I have been told I use too many commas

So its been awhile.  Not sure what to write, just sure its time so I guess itll come to me, hopefully.

Your mind, what a wonderful and dangerous tool, such a paradox.  The brain is the most powerful thing in the World, you all have heard perception is reality.  Well that is the case, what you perceive is true to yourself.  When getting ready to watch a scary movie, the anticipation is the scariest part, because what you imagine can be far worse than what you will see, because your brain can take something and run wild if you let it.  Sometimes I can not turn mine off, sometimes my perception is way off, sometimes I see what others think and believe, sometimes I am way off. 
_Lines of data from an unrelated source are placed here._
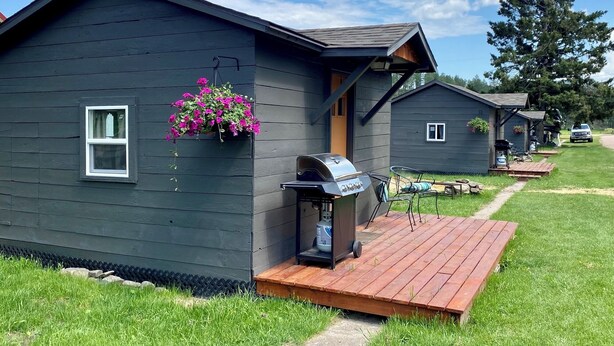A row of cabins with a barbecue grill, a hanging flower basket, and a clear sky.
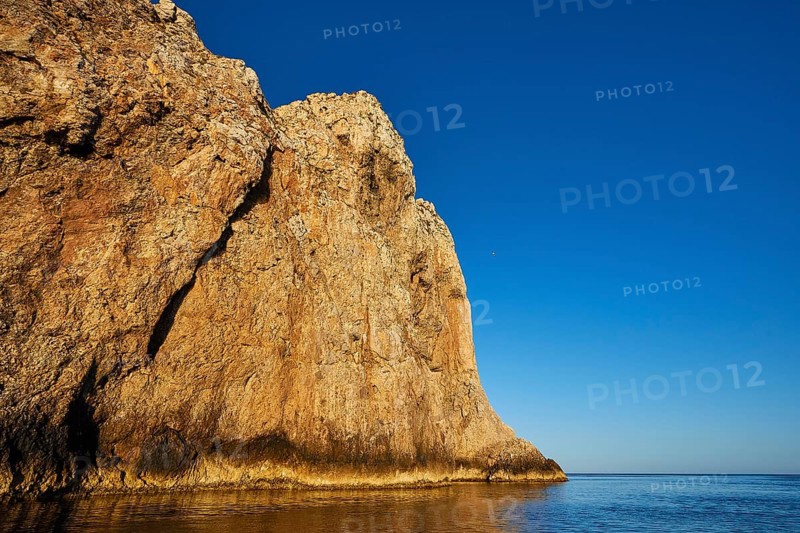 Morning light, Boat tour, View from the sea, Bizarre rock formations, Rugged mountains, Marettimo, Egadi Islands, Sicily, Italy, Europe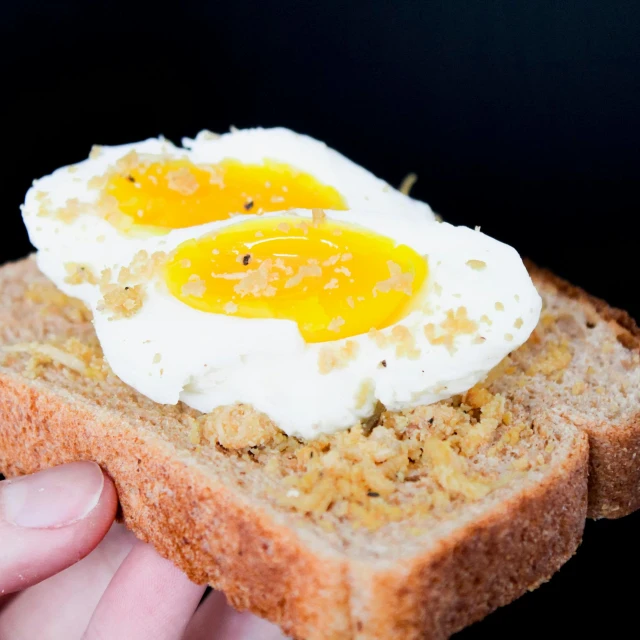 a person holding a piece of bread with an egg on it, listing image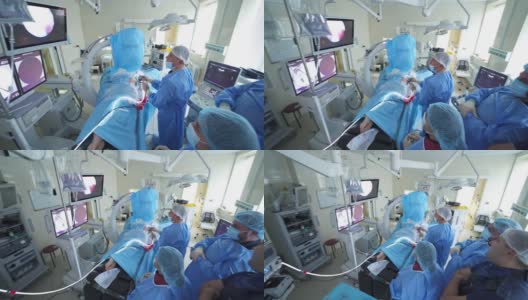 手术室正在进行手术。医疗团队在明亮的现代化手术室进行外科手术高清在线视频素材下载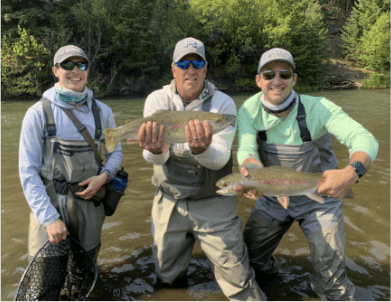 Anglers score big, catching large rainbow trout, while on the private waters at Shawnee Meadows fly fishing with North Fork Ranch Guide Service.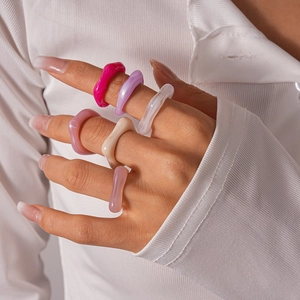 Détail de bagues en résine colorée aux designs irréguliers portées par un mannequin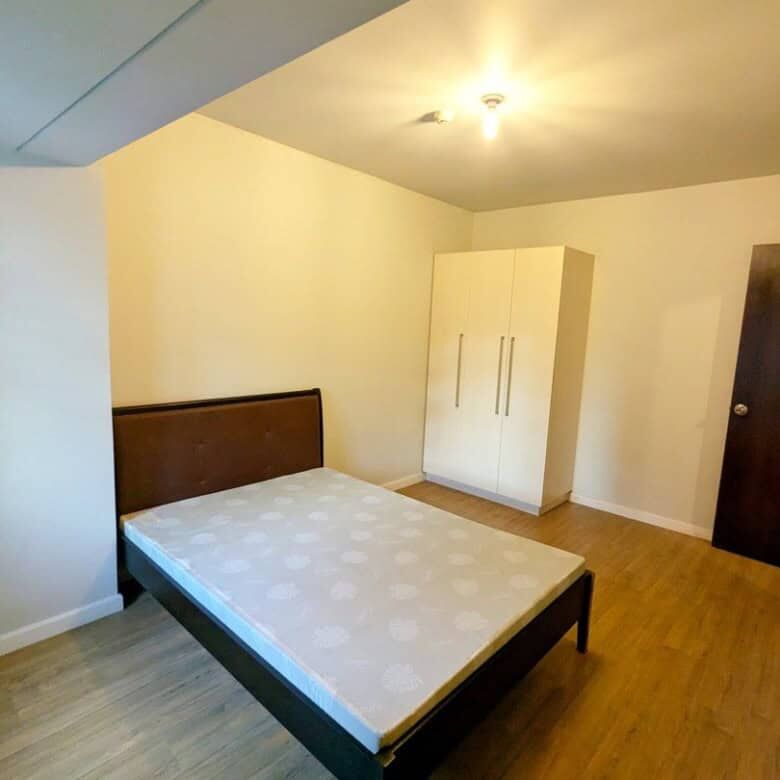Interior view of a 1-bedroom apartment in Kroma Tower Manila, featuring a bed and wardrobe.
Over the past few months on this journey I have been on, my brain has been the key, I am in the process of learning to relearn how I think, what is really important and what to use as motivation.  What I once held as important is no longer the case.  I used to do something to help turn my brain off, which then just clouded my brain even more and made it kinda useless.  I use to cloud it to push everything in a dark closet so I wouldnt have to face things or made it to where I couldnt "over think" anything.  I used to smoke pot...there its out.  It feels good to be able to say "I used to...".  I no longer do and I do not miss it, I am no longer held captive by it, no longer am I afraid that someone will find out, it has NO power over me.  It was wrong for me to do it, I have repented and it is nothing that will keep me from success, nothing I am afraid that someone will find out, it has no power over me anymore.  I identified myself with that for so many years I was afraid I wouldnt be cool without it, when in fact I was afraid to really turn my power on and use my full potential.  Why?  I was afraid of failing so my perception was I will just handicap myself so if I never succeed I have an excuse.  Thanks be to God I no longer have that fear, I am quite unafraid of anything now, but I still get rather frustrated with myself.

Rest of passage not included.